Massimiliano Castellani, Avvenire 22/12/2013, 22 dicembre 2013
LA PRIMA SQUADRA DEI MORATTI
Quando la squadra di Angelo Moratti alla domenica perdeva, nessuno dagli spalti poteva inveire con il classico «andate a lavorare», perché quegli stessi calciatori, al lunedì scendevano nelle viscere della terra, in miniera, al servizio della ditta del patron. Quella squadra non era naturalmente l’Inter, anche se la passione era già accesa nel cuore del Presidente che volle che gli undici della Somintra, così si chiamava la società, indossassero le maglie nerazzurre. Il primo club gestito dalla famiglia Moratti fu infatti un capriccio e un dopolavoro a tutti gli effetti della Società Mineraria del Trasimeno di Pietrafitta (Perugia). L’impresa acquistata da Angelo Moratti nel 1942. Un piccolo colosso dell’estrazione di lignite (250mila tonnellate l’anno la produzione del 1943) che dava lavoro a 1.800 operai.
Una comunità quella dei minatori di Pietrafitta, più popolata del vicino paese di Tavernelle, la cui squadra di calcio cominciò ad attirare l’attenzione del 37enne Moratti senior. Dopo il pranzo domenicale, al tavolo fisso alla locanda della Pia, «Moratti non disdegnava una visita al campo sportivo», racconta Michele Marzoli nel suo libro Leggenda gialloverde che narra la storia del Tavernelle, ma soprattutto la mitica stagione 1946-’47. L’unico campionato in cui la squadra locale in campo danzò in nerazzurro e sotto l’egida morattiana della Somintra. Una storia breve, umana e sportiva che avrebbe meritato le riprese cinematografiche dei maestri del Neorealismo, a cominciare dalla scena del reclutamento delle forze in campo.

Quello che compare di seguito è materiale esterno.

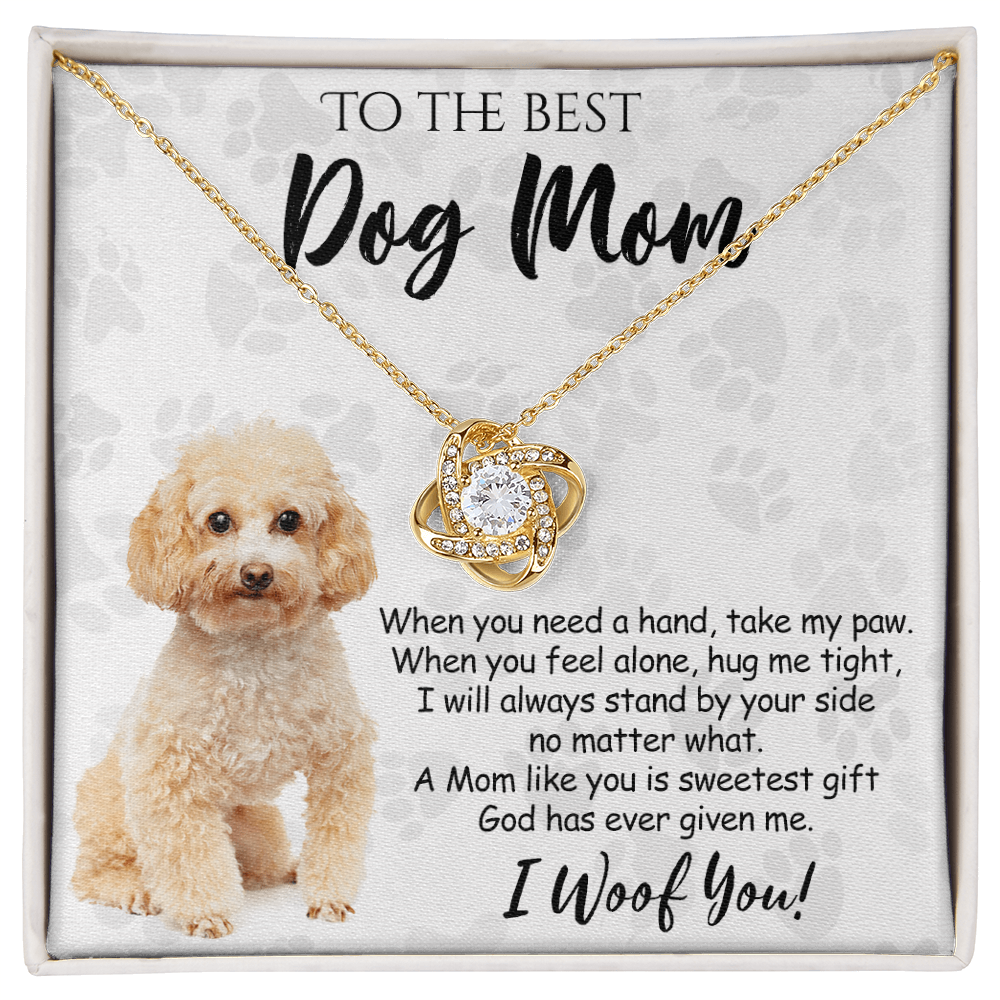 To The Best Dog Mom Love Knot Necklace From Daughter Mother's Day Necklace Gift, Poodle Love Knot Pendant, Jewelry Gift For Women, Dog Lovers Poodle Gift Necklace I Woof You, Poodle Gift Necklace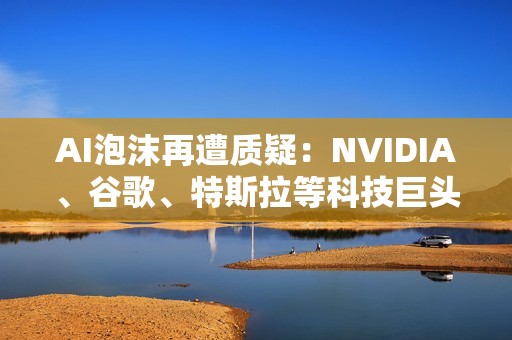 AI泡沫再遭质疑：NVIDIA、谷歌、特斯拉等科技巨头跳水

«Se te la cavi con il gioco del pallone, t’assumono in miniera», questa era la voce che dalle colline del Trasimeno rimbalzava nelle piazze e sotto i campanili del perugino, in merito alla selezione dei 16 eroi della domenica che sarebbero entrati a far parte della compagine. L’occasione che offriva «il sor Angelo», era imperdibile, giocare a pallone alla domenica e ricevere uno stipendio da minatore a fine mese. Il presidente garantiva ai tesserati 800 lire al mese, quando ai tempi un impiegato delle poste arrivava a 930 lire. In più c’era il premio finale: un tesoretto da 2.500 lire. Una fortuna da inseguire ad ogni costo in quel campionato di Prima divisione umbra in cui si iscrisse la Somintra che disputava le partite interne nel campo ad un passo dalla miniera, lo stadio di Gratiano Acquaiola.

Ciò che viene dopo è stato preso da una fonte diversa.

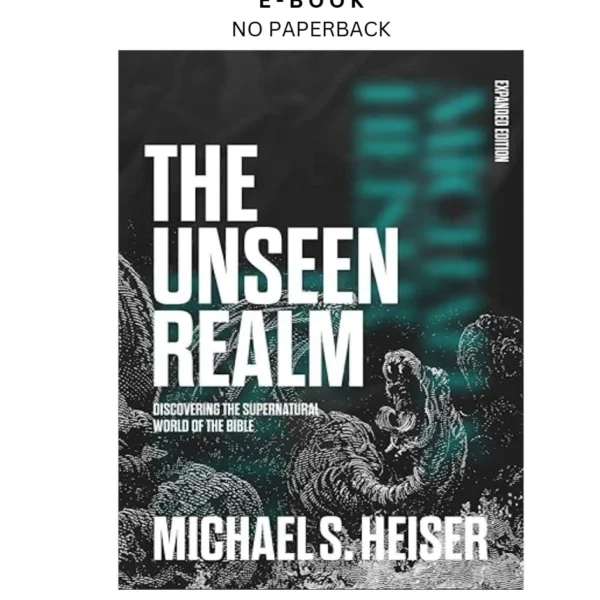 The Unseen Realm (Expanded Edition): Discovering the Super Ebook by Michael S. Heiser | Instant Download – book cover ebook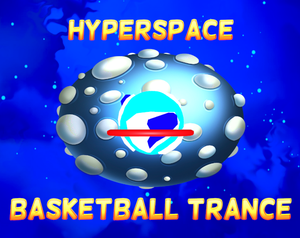 play Hyperspace Basketball Trance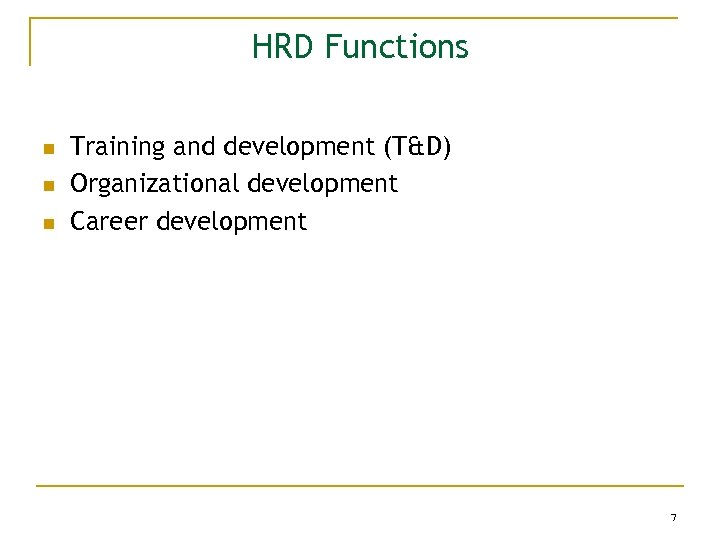 HRD Functions n n n Training and development (T&D) Organizational development Career development 7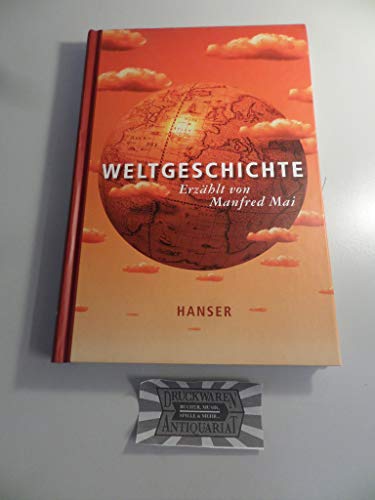 Weltgeschichte: Erzählt von Manfred Mai - Mai, Manfred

Incitati dal coro dei tifosiminatori: «Olio, petrolio, benzina minerale, per batter la Somintra ci vuole la Nazionale», gli esordi furono trionfali. Patron Moratti si gasava per la cavalcata dei nerazzurri che non conoscevano il pareggio, 8 vittorie e 2 sconfitte. Difesa granitica con il portiere Tippolotti che risultò il meno battuto del torneo (8 gol subiti).

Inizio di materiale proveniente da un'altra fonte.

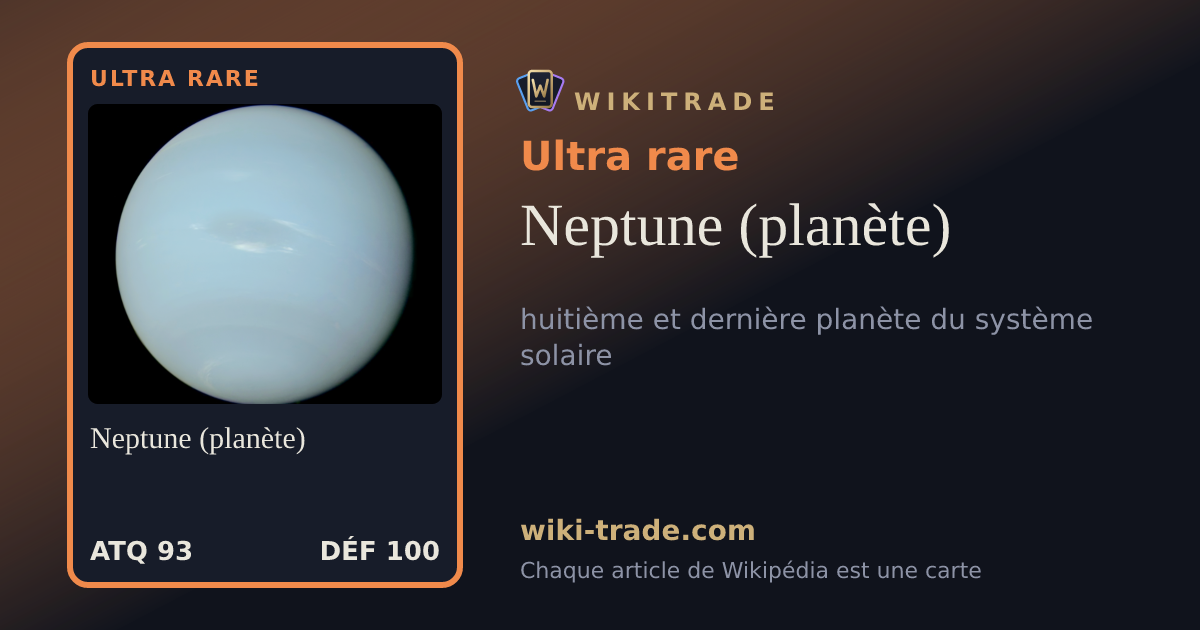 Neptune (planète) — carte Ultra rare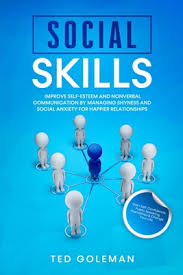 Download it once and read it on your kindle device, pc, phones or tablets. Social Skills Improve Self Esteem And Nonverbal Communication By Managing Shyness And Social Anxiety For Happier Relationships Gain Self Confidence Paperback Green Apple Books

La promozione in C sembrava a portata di mano, ma alla fase finale si presentò l’Orvietana dell’ex milanista Carlo Cevenini che infranse per sempre il sogno. Era il primo “5 maggio morattiano”, quello del 1947, e la sconfitta (3-2) chiuse definitivamente la pagina avventurosa dei minatori umbri del pallone. Il sor Angelo pochi giorni dopo salutò: salì sull’auto di Giorgio Enrico Falk diretto verso la Sicilia: ad Augusta per aprire la raffineria Rasiom. Al calcio Moratti senior sarebbe tornato nel 1955, diventando presidente di quell’Inter che il figlio Massimo dopo averla rilevata da Ernesto Pellegrini 18 anni fa, ha appena consegnato nelle mani di Erick Thohir.